LIFE Clima-Bombina is developing climate-safe habitats for amphibians, birds and several threatened habitat types at Knudshoved Odde, near Vordingborg.  

The team is collaborating with a private landowner, the Rosenfeldt Estate, to transform 180 hectares of former agricultural land into new habitats. 

They are restoring natural hydrology, creating new pastures and ponds, and bringing back a biodiversity-rich landscape with stones, thorny bushes, and solitary trees.  

The project already benefits coastal biodiversity with rapidly increasing breeding numbers of the target amphibians and birds. Also, 100 hectares of new dry grasslands are now blooming. 

Partners predict that the population of the fire-bellied toad will increase from 350 to 2 000 individuals by the end of the project. They also hope to achieve a favourable conservation status for seven other amphibians, one reptile, four bird species and nine habitat types.  

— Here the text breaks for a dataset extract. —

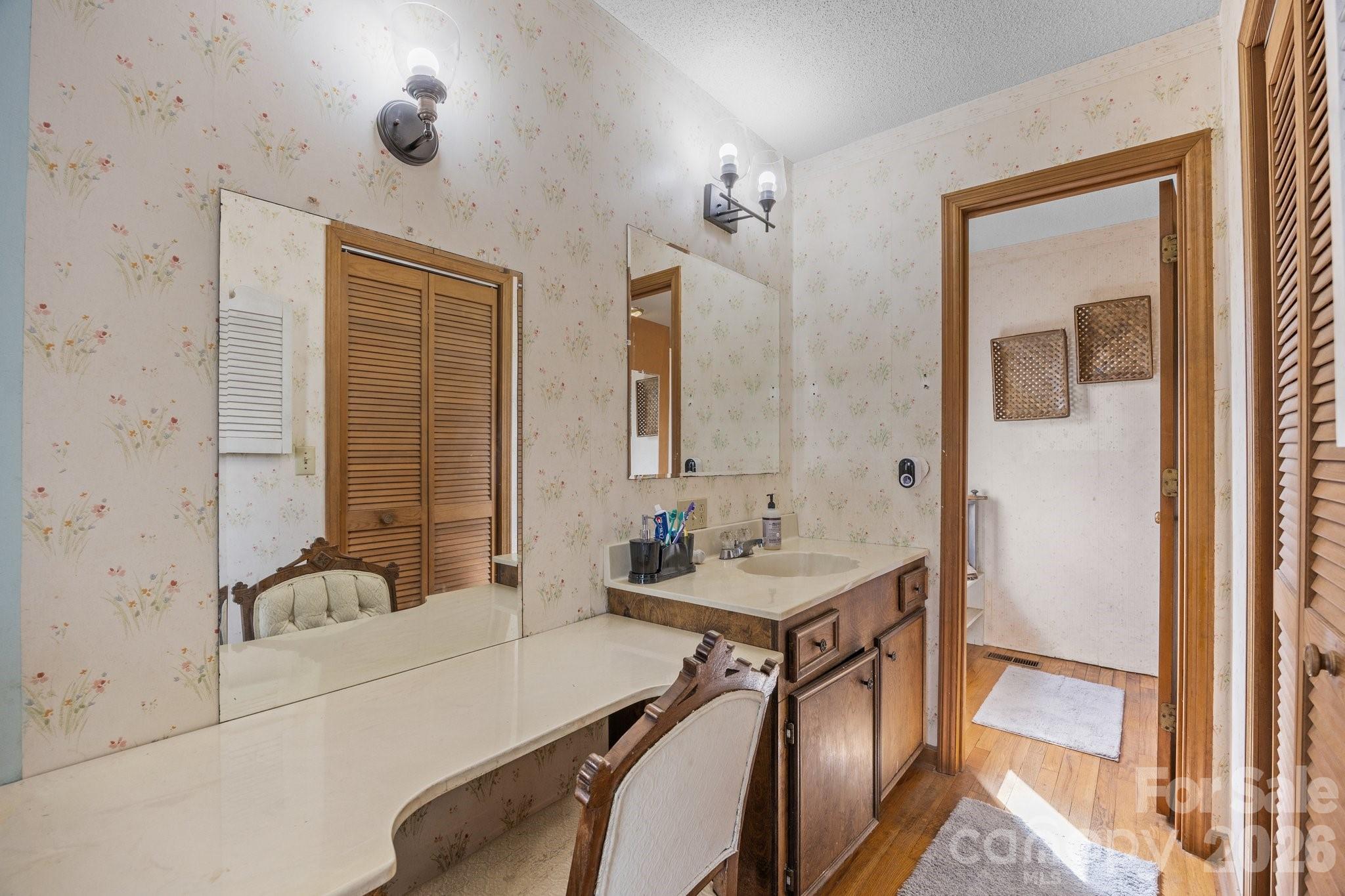 774 Belleview Road — Franklin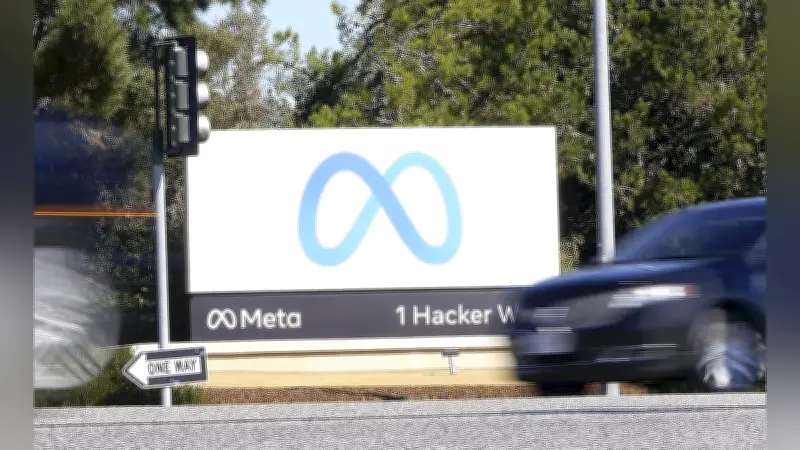 メタ日本法人、インスタで13～17歳の自殺検索繰り返し時に保護者通知機能を年内導入へ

The clear gains for nature and future commitment to biodiversity convinced the Jury and Denmark’s Minister for the Environment, Lea Wermelin, that Vordingborg should win the prestigious award. 

The prize money of €133 000 will go towards a potential new LIFE nature project called LIFE Orchids. 

LIFE Clima-Bombina supports the EU’s Adaptation Strategy and its Floods Directive. The project also contributes to the EU’s Biodiversity Strategy for 2030 and Nature Restoration Law.